Where CPU’s perform interpolations one data point at a time, GPU’s can take multiple points and interpolate them in parallel. The high resolution (8000×8000 pixels) of the images and large file sizes make this the sort of computational problem ideally suited to parallel processing.  This translates to a 3.6X speedup of segmentation time, compared with CPU-only processing on an Intel quad core Nehalem-class processor. More recent tests point to a speedup of up to 15X. Klaus Mueller at the State University of New York-Stony Brook found that using GPU processing could reduce the time needed for a CT scan reconstruction from 135 seconds to less than seven seconds.

Software has also allowed GPU’s to perform their tasks much more quickly. Solving non-graphics problems on the GPU involved treating non graphic data like vertices or pixel data points and using complicated graphics API’s to process the information. Now, someone with a background in ‘C’ can write a program to get around this issue.

Escaping in to the virtual reality of video games, appeals to a growing segment of the population. Providing them with the best user experience drives sales.

Now it also drives medical innovation.

HPC helps combat malaria

Scientific American reports (accessed via HPCwire) that a project partly funded by the Bill and Melinda Gates Foundation will use supercomputing to help stop the spread of malaria, which kills about a million people a year.

The team tasked with working on the malaria project is sharing a 1,104-core HPC (high-performance computing) supercomputer with a nuclear reactor research company. With the help of mathematical modeling, researchers are trying to find patterns in nature that would allow them to predict and control malaria outbreaks. From the Scientific American article:

The software pulls biological data on the behavior and reproductive rates of the Plasmodium parasites and the mosquitoes that carry them, as well as information on infection patterns and immune responses among humans. Other data include where people live and how they travel, environmental factors (temperature, rainfall and elevation) that are important to malaria transmission, and the locations of different species of mosquitoes.

The article also features an interesting discussion about cloud computing compared to local servers. The malaria research team is using local servers and not cloud computing for their simulations, even though the Microsoft software they are using is geared towards the cloud (see our post about the new Microsoft Technical Computing Group).

The team uses local servers for national security reasons – servers in the cloud frequently operate outside of the United States and many government-sponsored research projects can not put their data at risk in such a way. This illustrates that, despite the unifying effects of science and globalization, politics is still a formidable factor in even the noblest of global projects.

The article also notes that cloud computing is still far behind in performance compared to running local servers. As a systems engineer working on the malaria project observes, using local servers is about ten times faster than using the cloud.

While cloud computing technology still has a long way to go to catch up to the performance capabilities of locally-run servers, HPC in all of its forms is nevertheless helping people to battle some of the earth’s deadliest diseases.

Healthcare industry slow to adopt “green IT”
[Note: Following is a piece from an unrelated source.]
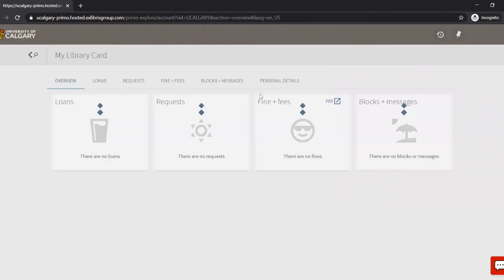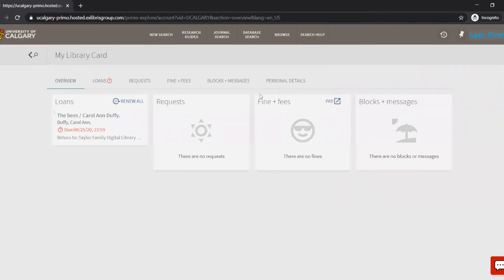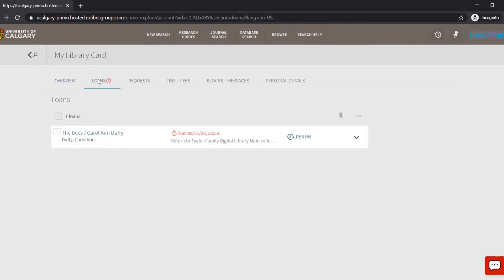Once you are in My Account, click on Loans. All of your loans will be listed and you can select loans requiring renewal. You will be able to renew your material a couple of weeks prior to the term loan due date.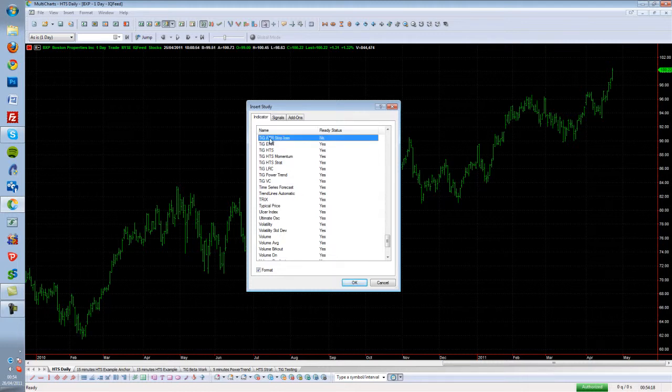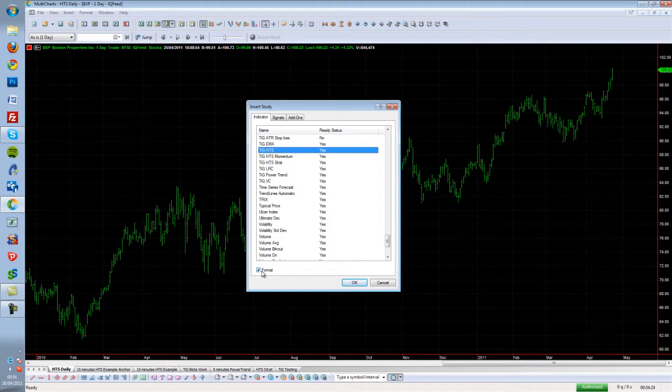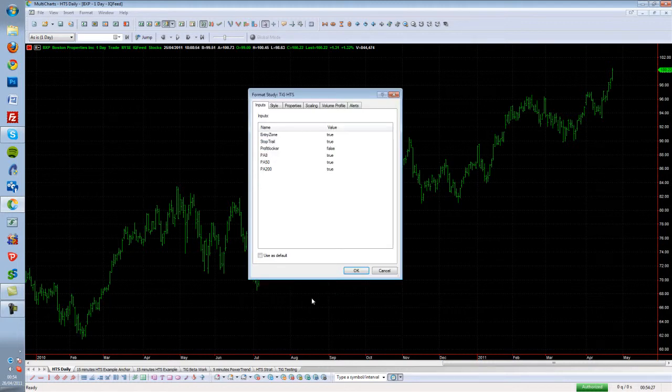All of our indicators are prefixed with a TIG tag. Select the indicator you want, make sure the format box is checked, and click OK. Now you can see the Format Study box. We're going to go with the default settings.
Greenbiz.com reports that a new survey published by BridgeHead Software suggests that the healthcare industry is relatively slow in adopting green IT practices. According to the global survey, only about 25% of respondents said that their organizations have targets for reducing their carbon footprint.
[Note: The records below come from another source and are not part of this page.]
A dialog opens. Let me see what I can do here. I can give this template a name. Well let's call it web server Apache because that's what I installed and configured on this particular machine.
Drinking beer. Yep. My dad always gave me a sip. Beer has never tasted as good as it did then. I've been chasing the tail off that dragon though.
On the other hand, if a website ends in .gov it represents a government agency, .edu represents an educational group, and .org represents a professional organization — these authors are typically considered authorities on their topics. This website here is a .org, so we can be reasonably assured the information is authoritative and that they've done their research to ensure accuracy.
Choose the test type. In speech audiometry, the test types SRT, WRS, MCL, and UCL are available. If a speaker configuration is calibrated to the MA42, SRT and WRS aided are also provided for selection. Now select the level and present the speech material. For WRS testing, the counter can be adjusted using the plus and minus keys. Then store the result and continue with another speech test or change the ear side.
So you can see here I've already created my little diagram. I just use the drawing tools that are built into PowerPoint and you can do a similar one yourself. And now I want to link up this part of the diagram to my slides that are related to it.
It is understandable that the healthcare industry gets less heat for not reducing their carbon footprint than other industries – they are, after all, busy with saving human lives. But, especially now that the recession may finally be cooling off, the healthcare industry should once again look to increase their energy efficiency.

Luckily, the healthcare industry is poised to be one of the biggest growth industries in energy efficiency spending, according to a recent study. IT and sales professionals should take note.